Lowflow calculation#

def lowflow_counter_ensemble(ensemble_data, start_date, end_date):
    
    lowflow_days = []

    years = list(range(start_date.year, end_date.year + 1))

    for i in range(len(years)):
    
        year = years[i]
    
        # Define start and end month-day
        year_start = pd.to_datetime(f"{year}-05-18")
        year_end = pd.to_datetime(f"{year}-10-17")
    
        year_data = ensemble_data[
            (ensemble_data.index >= year_start) &
            (ensemble_data.index <= year_end)]

        # Set zeros to count from
        observed_lowflow_days = 0
        modelled_lowflow_days = []
        modelmean_lowflow_days = 0

        # Count observed lowflow days
        for j in range(len(year_data)):
            observed_q = year_data.iloc[j]["Observed discharge"]

            if observed_q < q_critical:
                observed_lowflow_days += 1

        # Count model mean lowflow days
        for j in range(len(year_data)):
            modelmean_q = year_data.iloc[j]["Mean"]

            if modelmean_q < q_critical:
                modelmean_lowflow_days += 1

        # Count modelled lowflow days
        for j in range(len(par_ensemble)):
            set_lowflow_days = 0

            for k in range(len(year_data)):
                set_q = year_data.iloc[k][f"Set {j+1}"]

                if set_q < q_critical:
                    set_lowflow_days += 1

            modelled_lowflow_days.append(set_lowflow_days)

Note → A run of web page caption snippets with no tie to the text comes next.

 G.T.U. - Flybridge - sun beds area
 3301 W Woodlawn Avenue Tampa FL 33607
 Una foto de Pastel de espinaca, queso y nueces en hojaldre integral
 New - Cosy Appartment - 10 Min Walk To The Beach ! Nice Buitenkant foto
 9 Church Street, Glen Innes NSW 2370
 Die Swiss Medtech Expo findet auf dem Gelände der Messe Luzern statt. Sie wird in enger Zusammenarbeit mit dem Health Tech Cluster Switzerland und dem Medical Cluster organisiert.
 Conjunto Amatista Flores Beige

        setavg_lowflow_days = np.mean(modelled_lowflow_days)
        
        lowflow_days.append({
            "year": year,
            "observed": observed_lowflow_days,
            "modelmean": modelmean_lowflow_days,
            "set_1": modelled_lowflow_days[0],
            "set_2": modelled_lowflow_days[1],
            "set_3": modelled_lowflow_days[2],
            "set_4": modelled_lowflow_days[3],
            "set_5": modelled_lowflow_days[4],
            "set_avg": np.round(setavg_lowflow_days)})

    lowflow_days = pd.DataFrame(lowflow_days)

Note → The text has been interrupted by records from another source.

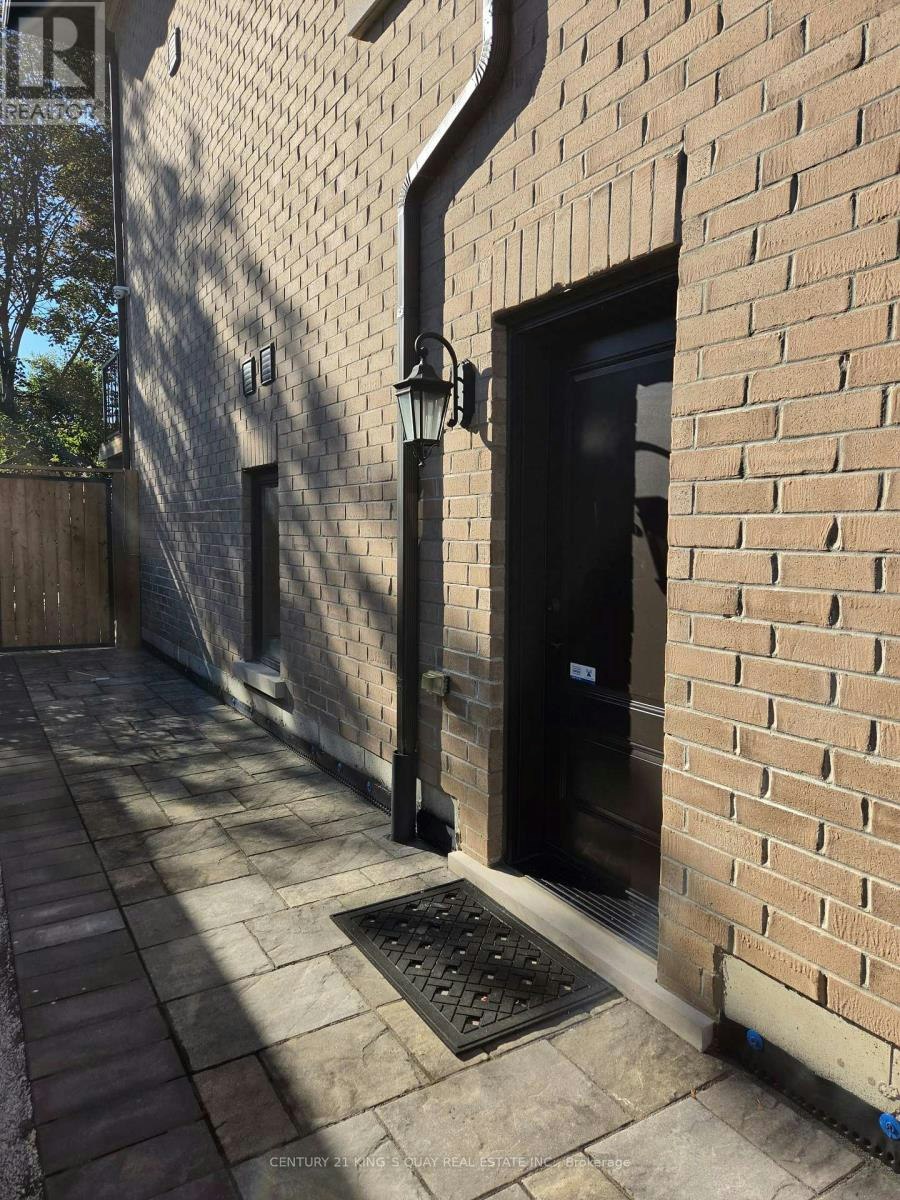 7 Logandale Road, Toronto, ON, M2N 4H3 - 2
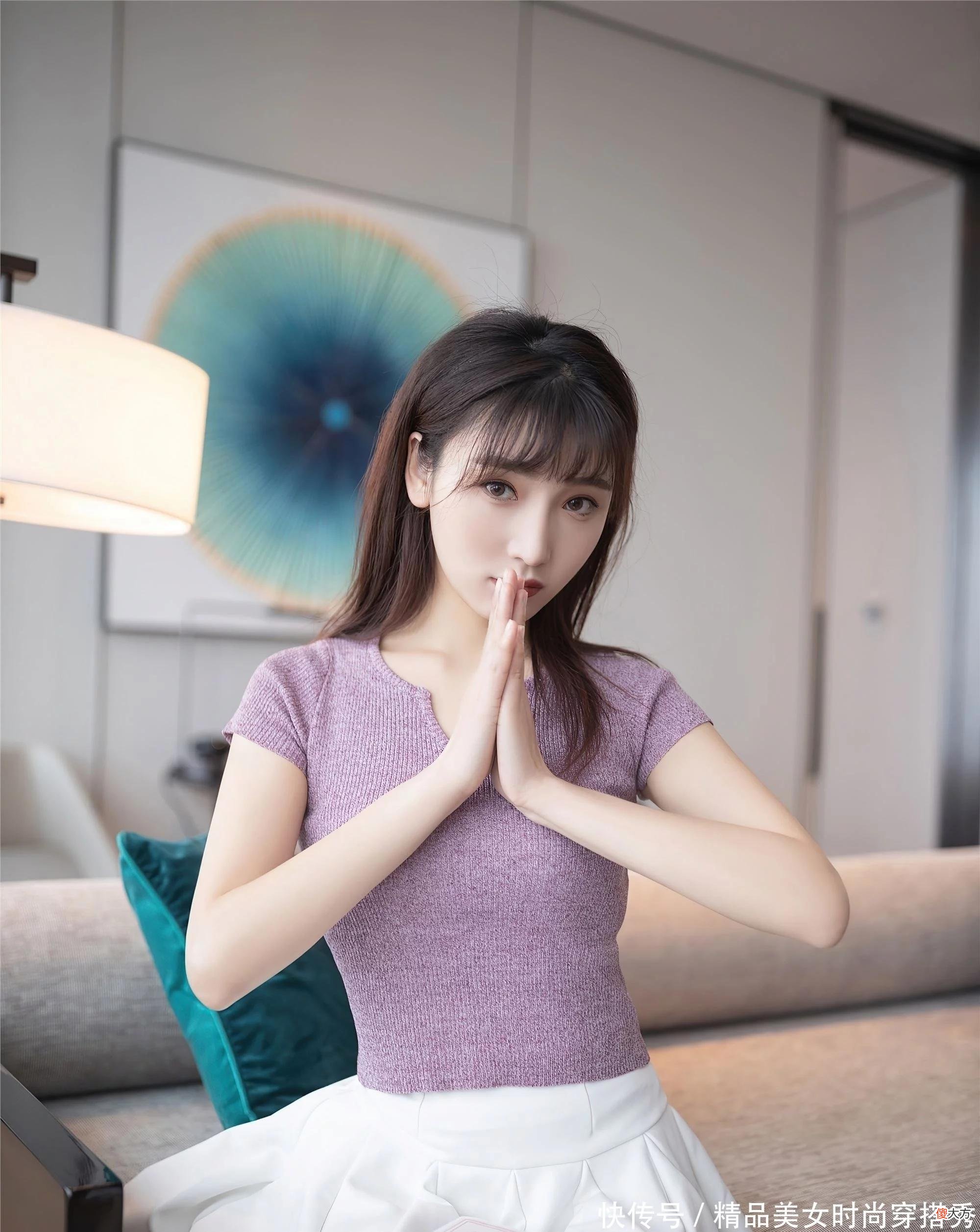 【就爱时尚】温柔的紫色小衫，浪漫又唯美，下搭白色的伞裙满满的女王气质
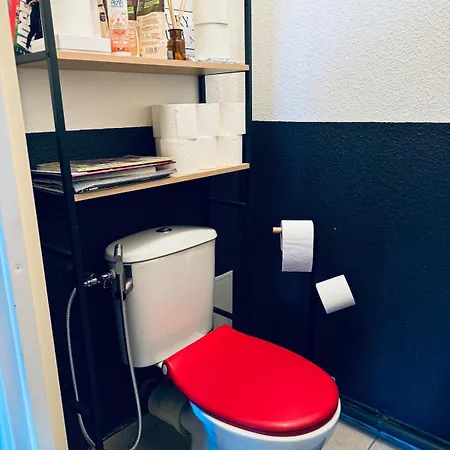 Apartment Avec Parking Prive *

    days_sum = lowflow_days[["observed", "modelmean", "set_1", "set_2", "set_3", "set_4", "set_5", "set_avg"]].sum()

    return lowflow_days
lowflow_ERA5 = lowflow_counter_ensemble(
    ensemble_data=ensemble_data_ERA5,
    start_date=evaluation_start,
    end_date=validation_end_date)

lowflow_CMIP = lowflow_counter_ensemble(
    ensemble_data=ensemble_data_CMIP,
    start_date=evaluation_start,
    end_date=validation_end_date)

CDF Calculation#

def rank(lowflow_ERA5, lowflow_CMIP):

    # Combine tables
    rank_table = pd.DataFrame({
        "Observed": np.sort(lowflow_ERA5["observed"]),
        "ERA5": np.sort(lowflow_ERA5["set_avg"]),
        "CMIP6": np.sort(lowflow_CMIP["set_avg"]),})
    
    rank_table.insert(0, "rank", range(1, len(rank_table) + 1))

    return rank_table
rank_table = rank(lowflow_ERA5, lowflow_CMIP)
def plot_cumsum(rank_table):

    plt.figure(figsize=(8, 5))

    # Plot cumsum for all columns, skipping rank column
    for i in range(1, len(rank_table.columns)):
        plt.plot(rank_table["rank"], rank_table[rank_table.columns[i]].cumsum(), marker="o", label=rank_table.columns[i])

    # Plotting
    plt.xlabel("Ranked years")
    plt.ylabel("Cumulative low flow days")
    plt.xticks(rank_table["rank"])
    plt.title("Cumulative annual low flow days")
    # plt.grid(True)
    plt.legend()
    plt.show()
plot_cumsum(rank_table)
../../../../_images/4f10abaaae3e792a3c350d0b7d12348b8fcf20e9fea783e8b3b6dd1c3473fd87.png

Figure 11: Cumulative distribution of low flow days between 1989-2014 for historical, ERA5 and CMIP6 data.

Figure 11 shows a slight deviation in CMIP6 low flow days compared to the observed and ERA5 curves, particularly in the lower and higher ranked years. This suggests that CMIP6 may slightly overestimate extremes i.e. driest years appear drier and wettest years appear wetter. Despite this, CMIP6 follows the general curve trend reasonably well and precisely reproduces the total number of low flow days. The observed data shows 532 total low flow days over this period, ERA5 537 days and CMIP6 532 days. Future CMIP6 forcings are therefore considered suitable for analysing trends in low flow days over long periods although extreme years should be interpreted with caution.